While capital accumulated by the older generation is increasingly tied up in bricks and mortar, mortgage payments by younger homeowners are weakening consumer spending.
"People are not taxed on owner-occupied property so this acts to stop them from taking advantage of other asset classes," said Weale.
Selective tax needed
In a recent article for the institute's journal he warned that the drain of property spending on income was equivalent to a government current account deficit running at 4 percent of GDP
While restructuring property taxes to encourage diversification was politically unlikely, he said that a selective tax on some forms of consumer credit could have the same effect.
David Stubbs, senior economist at the Royal Institution of Chartered Surveyors agreed that a tax on some forms of credit would be the only way to curb global asset liquidity.
Controlling inflation through interest rates ‘flawed’

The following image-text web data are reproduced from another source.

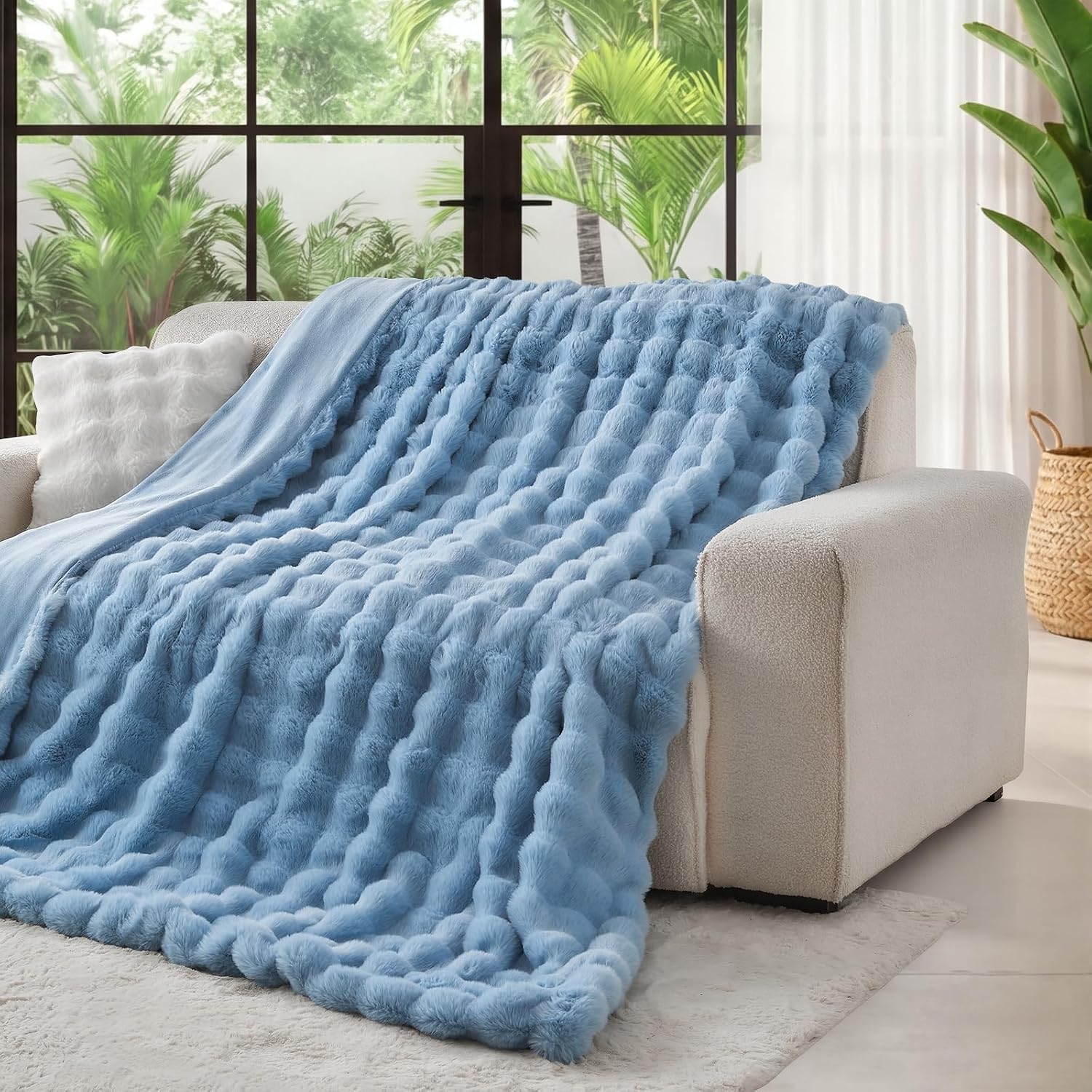 Detalle de Lotus Karen Sky Blue Faux Fur Throw Blanket (60x80) — Big Bubble Rabbit Plush for Couch & Bed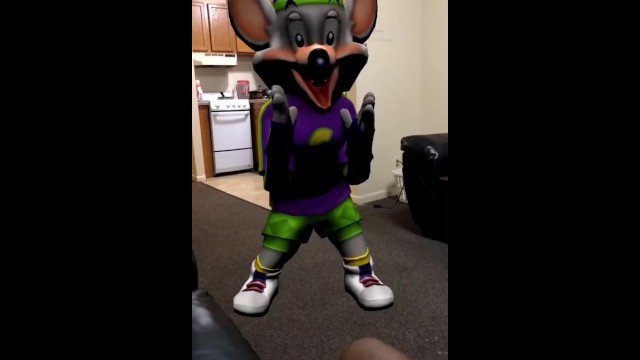 乌木奇拉基P.Y.T.（基于真实事件）乐趣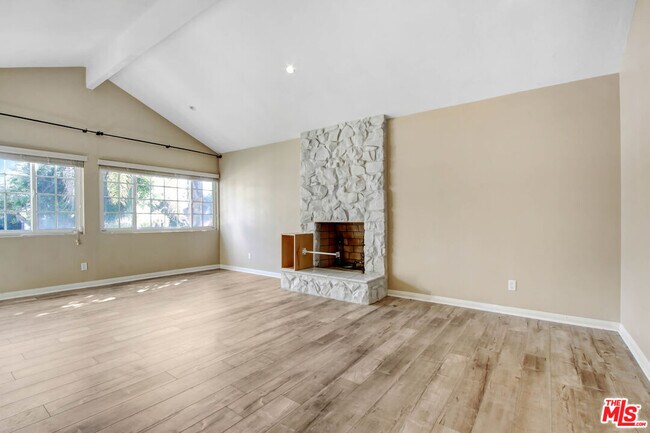 Foto del edificio - 2623 S Beverly Dr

He added that a current global consensus on controlling inflation through the narrow prism of interest rates could come to be seen to be flawed in the future.
"In most major economies, asset prices have increased exponentially since 1997," said Stubbs.
"While this has massively increased wealth, it has also had huge socio-economic effects, chiefly on affordability and equality - most of them bad."
Rumours that Chancellor Gordon Brown would attempt to curb price growth with a prioritised home building scheme may not be enough, he added, pointing out that inflation had continued alongside massive home building schemes in the US, Spain and Australia.